Zieliński: Cieszę się, że po 24 latach wróciłem do Korony Kielce
Zieliński na stanowisku trenera Korony zastąpił Kamila Kuzerę, z którym rozwiązano umowę już po dwóch kolejkach tego sezonu. To druga przygoda 63-letniego szkoleniowca z tym klubem. Kielecki zespół prowadził w rundzie jesiennej sezonu 2000/2001, kiedy Korona występowała w trzeciej lidze.
"Cieszę się, że po 24 latach wróciłem do Kielc, historia zatoczyła koło. Teraz sytuacja się jednak zmieniła. Korona gra w ekstraklasie i zrobię wszystko, aby ten zespół się rozwijał i grał fajną piłkę, a kibice byli z niego zadowoleni” - powiedział nowy trener kieleckiej drużyny podczas środowej konferencji prasowej.

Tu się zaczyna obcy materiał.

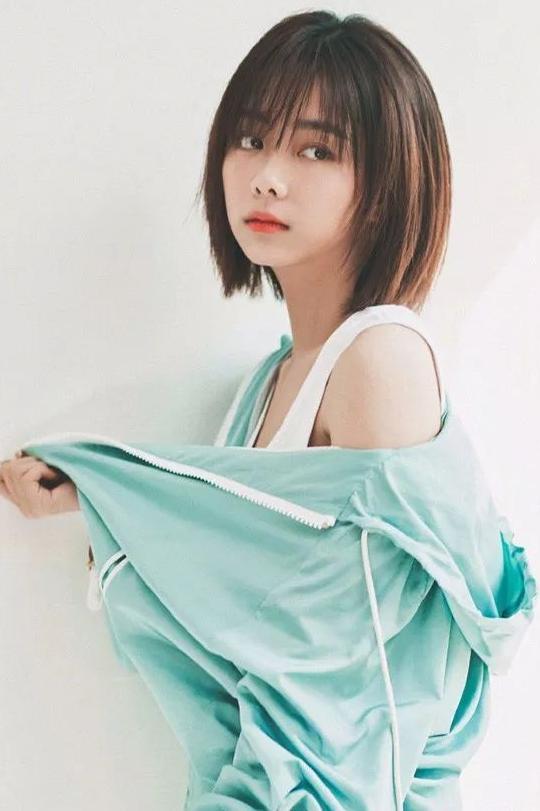 短发蒋欣画风变了！剪发堪比“整容”的还有谁？
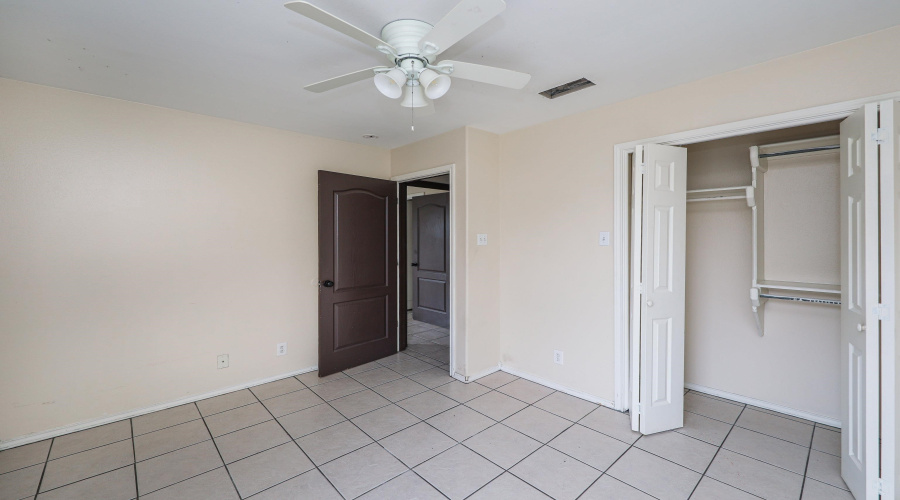 307 Lipan Dr, Laredo, Texas 78045, 3 Bedrooms Bedrooms, 5 Rooms Rooms,2 BathroomsBathrooms,Residential,For Sale,307 Lipan Dr,20255441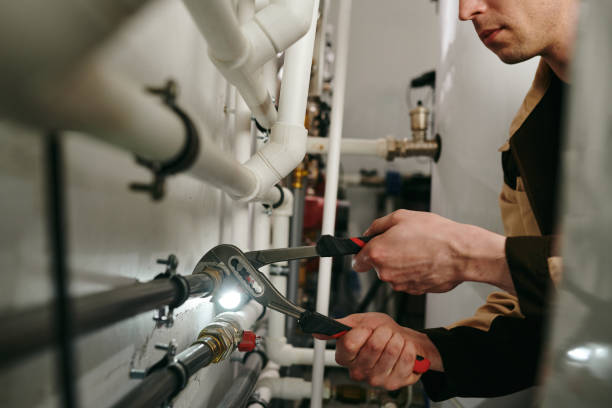 Best Clogged Drain Plumber  in Redwood, OR
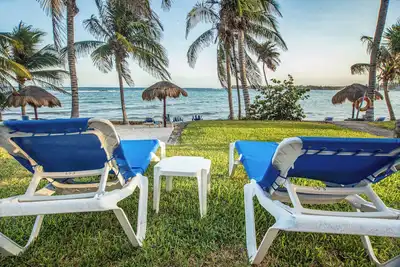 Caribbean sea front 2 Br 2 Ba - Ground Floor- Large Pool -Seaweed-Free Beach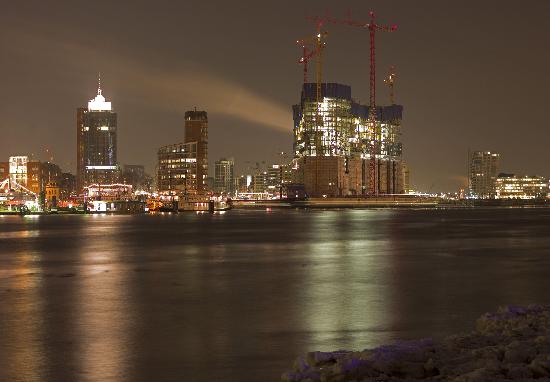 Winter in Hamburg von Fabian Bimmer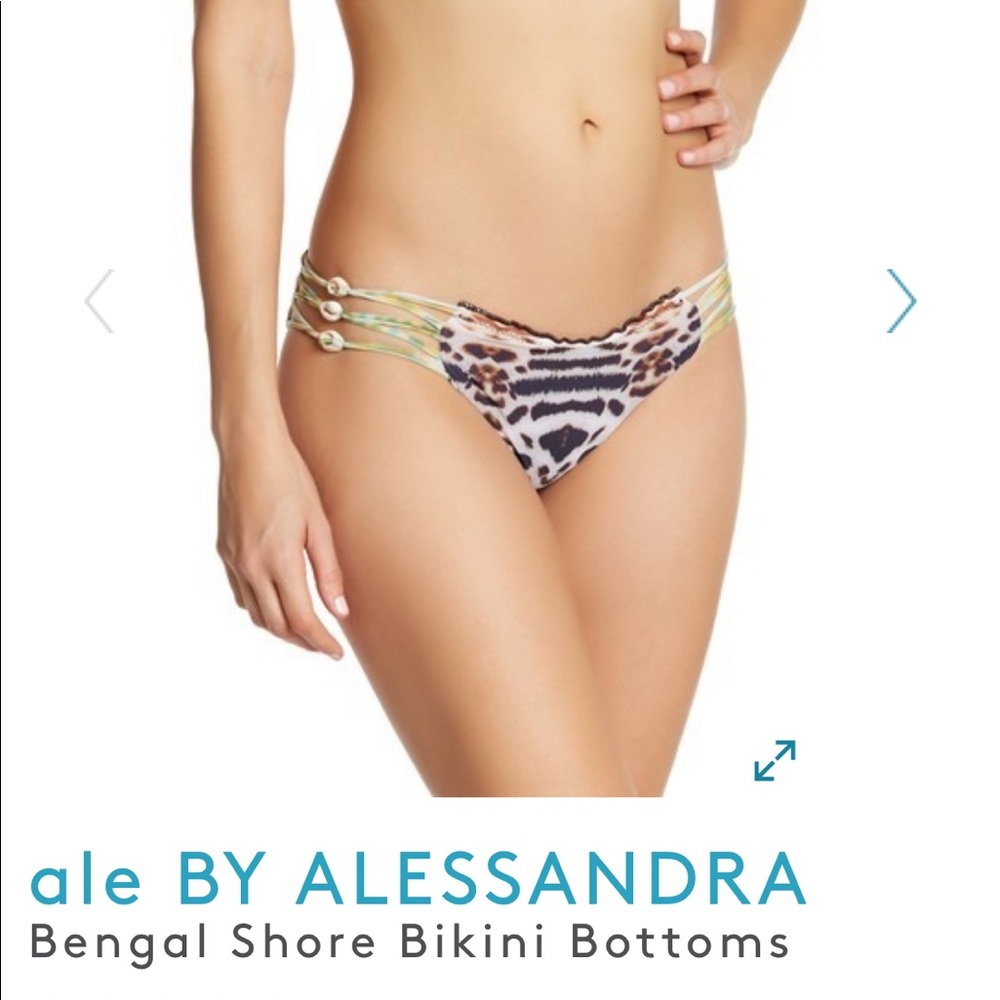 ISO Ale by Alessandra bottoms sz M or S
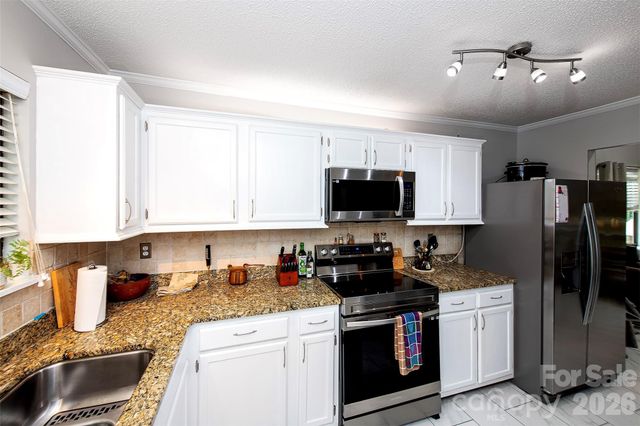 4136 Charlotte Highway, Lake Wylie, SC 29710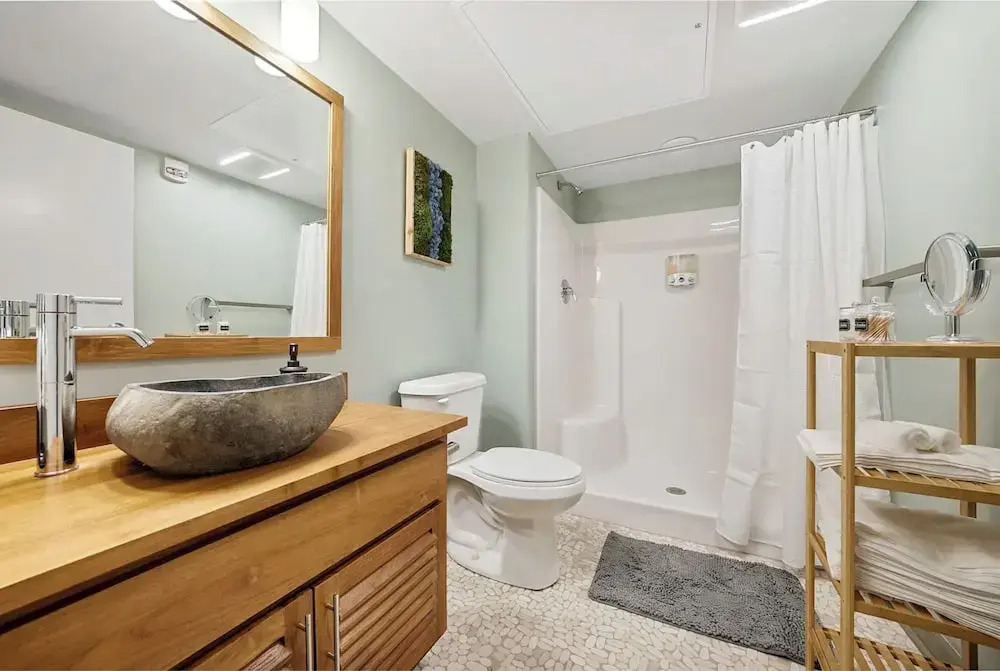 2125 Superior Living
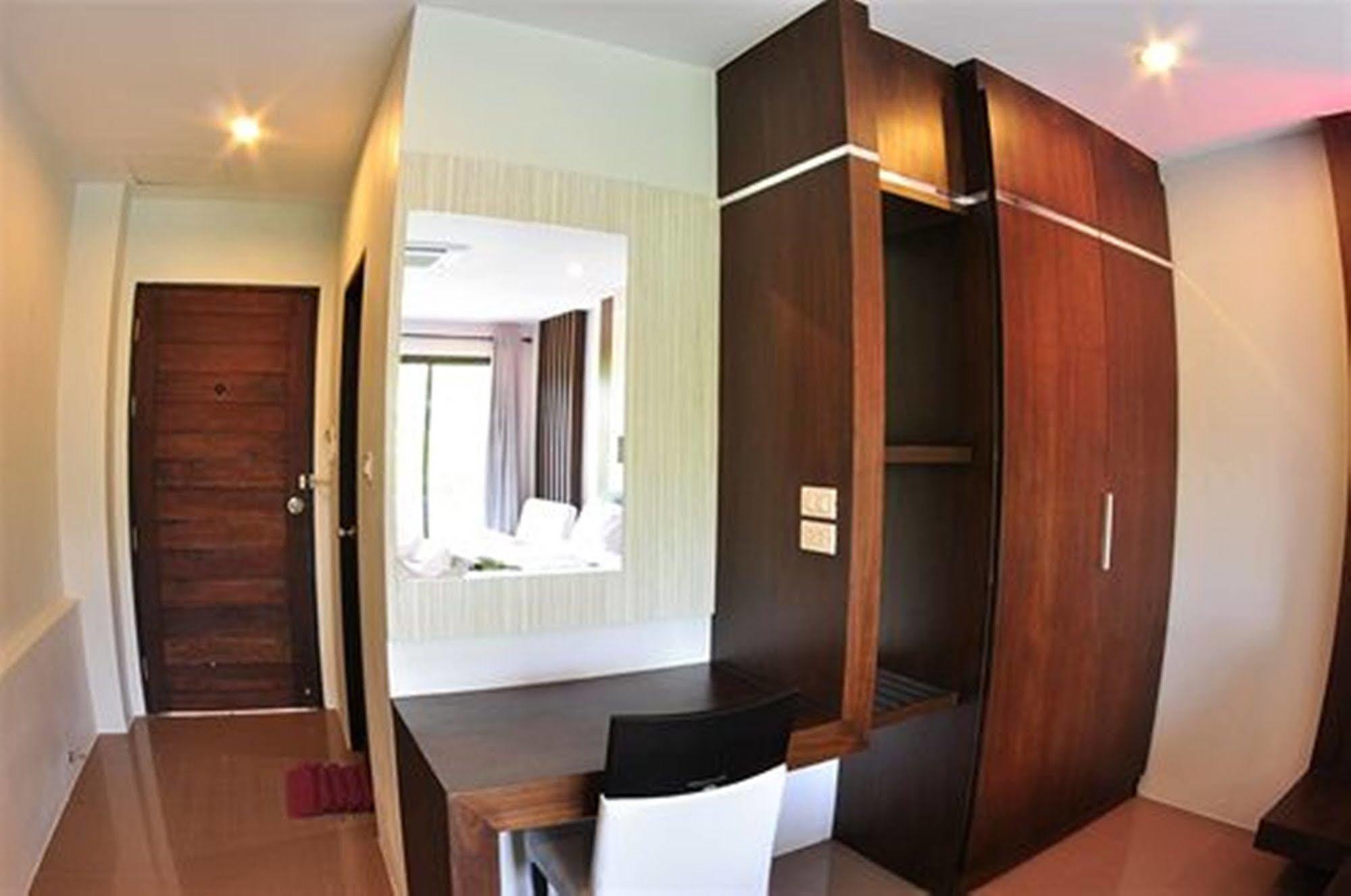 Ton Sai Tropical Island Hotel 3*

Dodał, że nad propozycją władz Korony nie zastanawiał się długo.
"W Kielcach mam wielu znajomych i przyjaciół, dobrze wspominam poprzednią pracę w tym klubie. Nie trzeba było mnie długo przekonywać. Korona to dobry zespół, powstaje tutaj fajny projekt i to było bardzo istotne przy podjęciu tej decyzji" - nie ukrywał Zieliński.
Zaznaczył, że nie powinien mieć większych problemów z wejściem do drużyny.
"Znam paru zawodników. Z Miłoszem Trojakiem i Piotrem Malarczykiem pracowałem już wcześniej. Pozostałych znam z boiska. Wielu młodych chłopaków, to duży plus tego zespołu. Teraz nie ma większych problemów z wchodzeniem do nowych drużyn. W Koronie nie ma zbyt wielu obcokrajowców, więc pod tym względem nie przewiduję większych problemów" - zapewnił szkoleniowiec. Dodał, że przynajmniej na razie nie przewiduje żadnych zmian w sztabie szkoleniowym Korony.
Zieliński na ławce Korony zadebiutuje w sobotę, kiedy kielczanie podejmą Cracovię. W klubie z Krakowa nowy trener zespołu z Kielc pracował od listopada 2021 do kwietnia tego roku.
"Zawsze jest dodatkowy smaczek, kiedy trener mierzy się z drużyną, w której wcześniej pracował. Ale to jest dodatkowy smaczek dla kibiców i kibiców. My skupiamy się na samym meczu i zrobimy wszystko, aby było ok" - powiedział trener Korony.